[Start of Attachment]

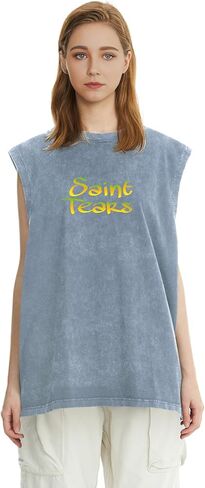 Arnodefrance Unisex Vintage Graphic Tank Tops Oversized Sleeveless Tshirts Cotton Workout Tank Top in Kuwait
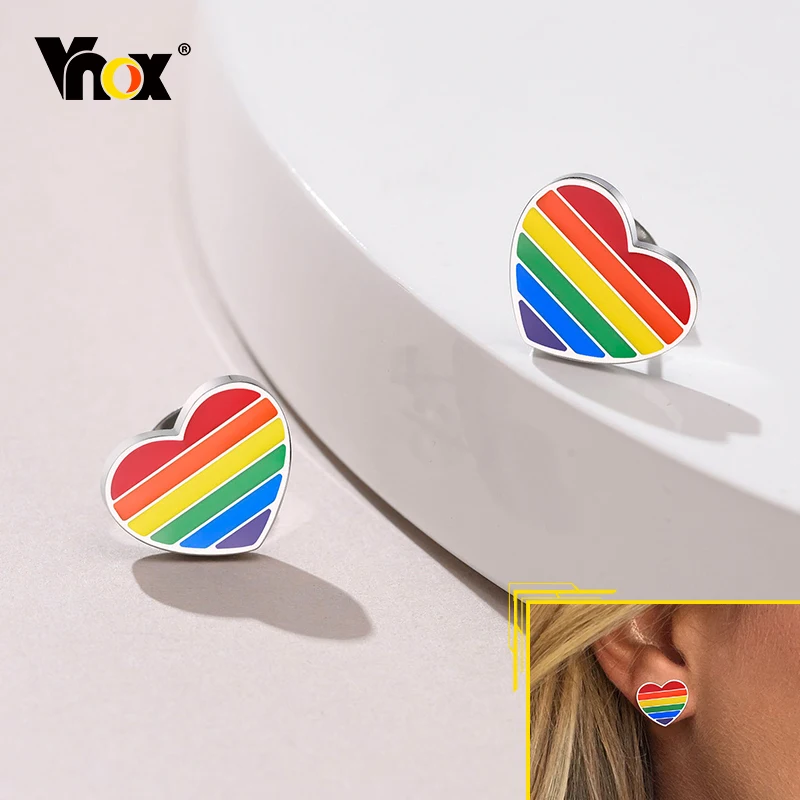 

Vnox Heart Rainbow Stud Earrings for Women Jewelry, Anti Allergy Stainless Steel Pride LGBTQ Punk Ear Clip Accessory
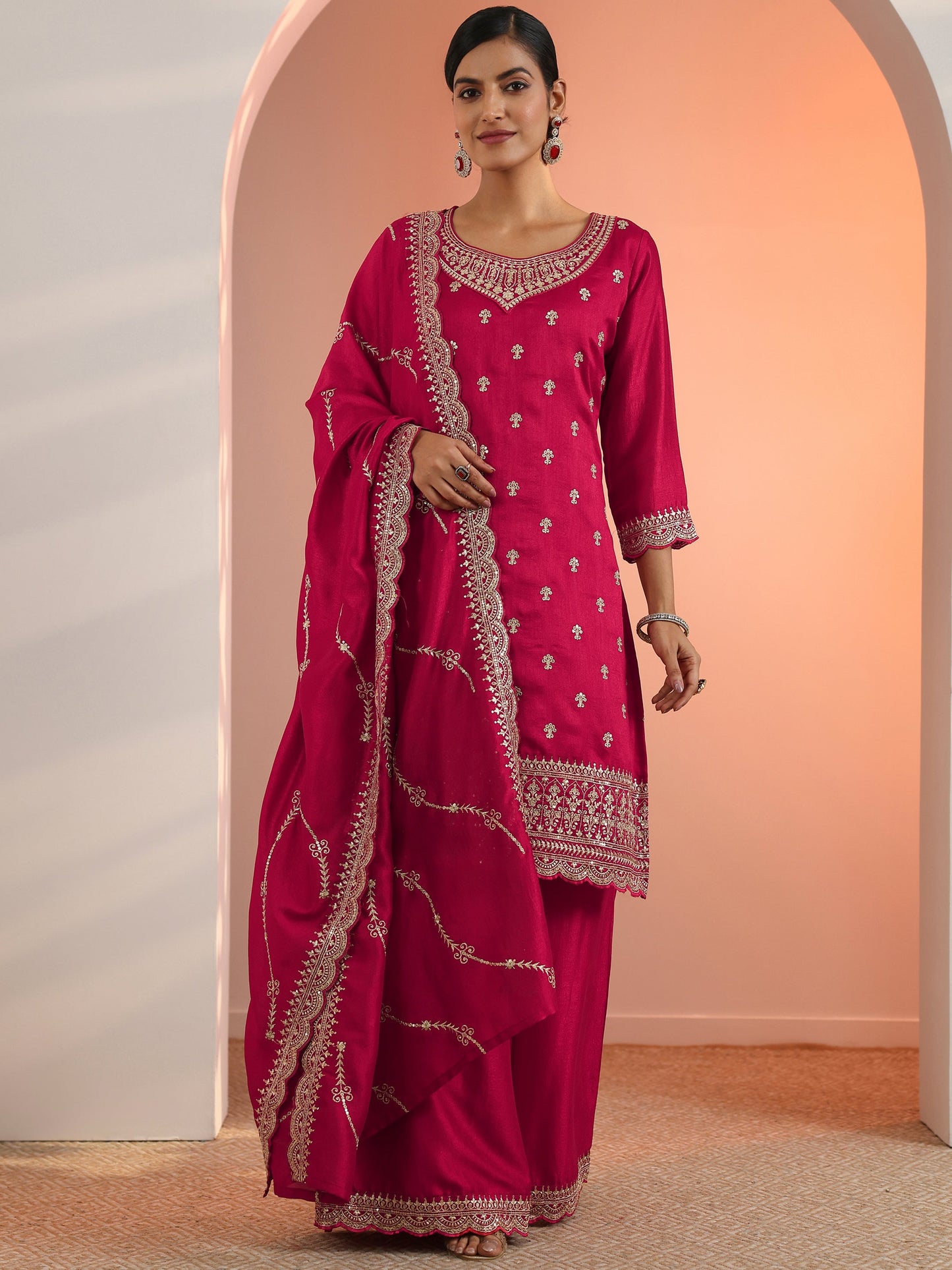 Red Embroidered Chinon Straight Suit Set With Dupatta
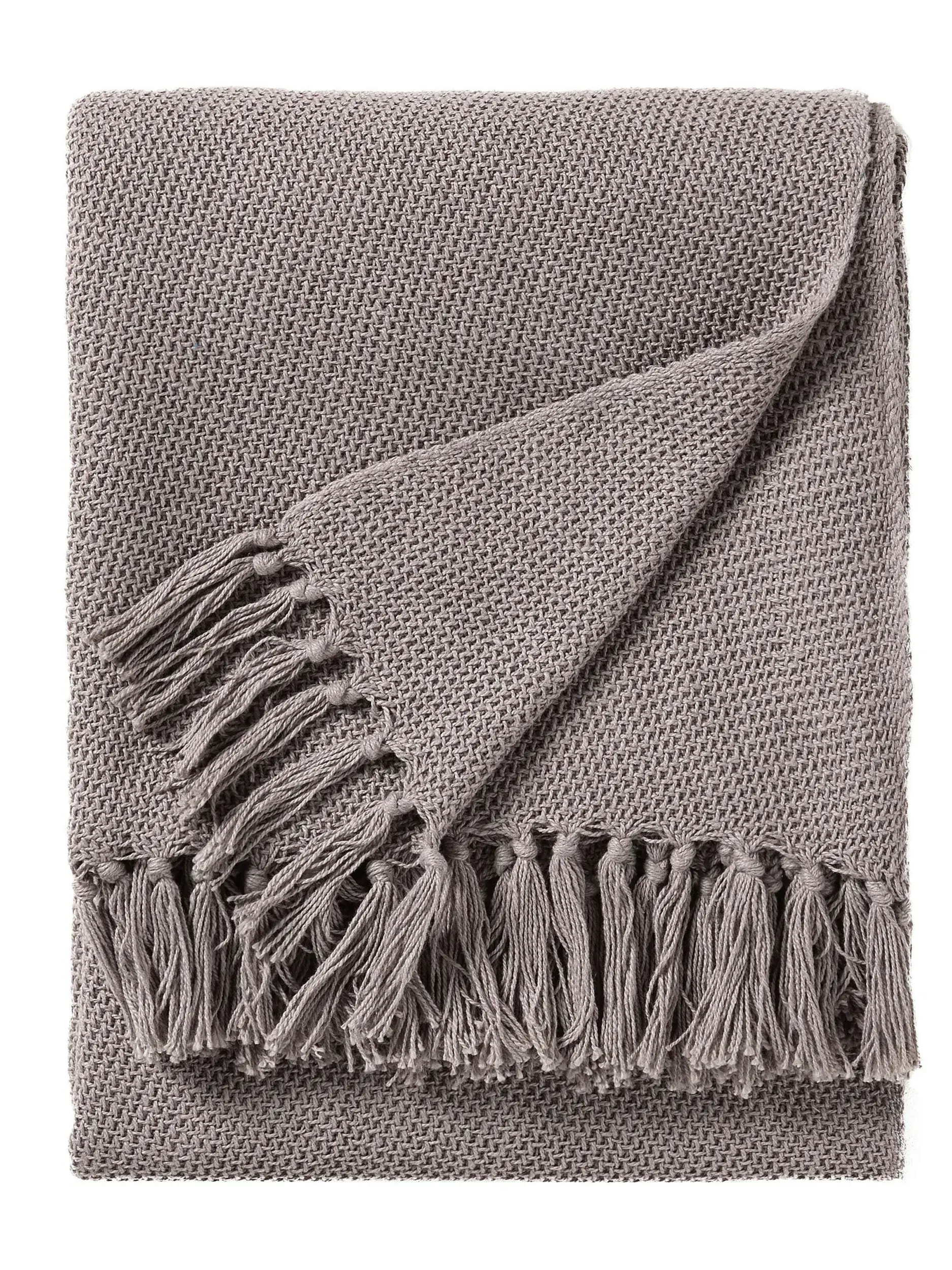 Baumwolldecke Ezra Grau im Design Einfarbig aus 100% Cotton von benuta Nest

[End of Attachment]

[PROBLEM REQUIREMENTS] Transcribe the data verbatim. No picture belongs in the result.

[COMPLETED TASK]
 Arnodefrance Unisex Vintage Graphic Tank Tops Oversized Sleeveless Tshirts Cotton Workout Tank Top in Kuwait

Vnox Heart Rainbow Stud Earrings for Women Jewelry, Anti Allergy Stainless Steel Pride LGBTQ Punk Ear Clip Accessory
 Red Embroidered Chinon Straight Suit Set With Dupatta
 Baumwolldecke Ezra Grau im Design Einfarbig aus 100% Cotton von benuta Nest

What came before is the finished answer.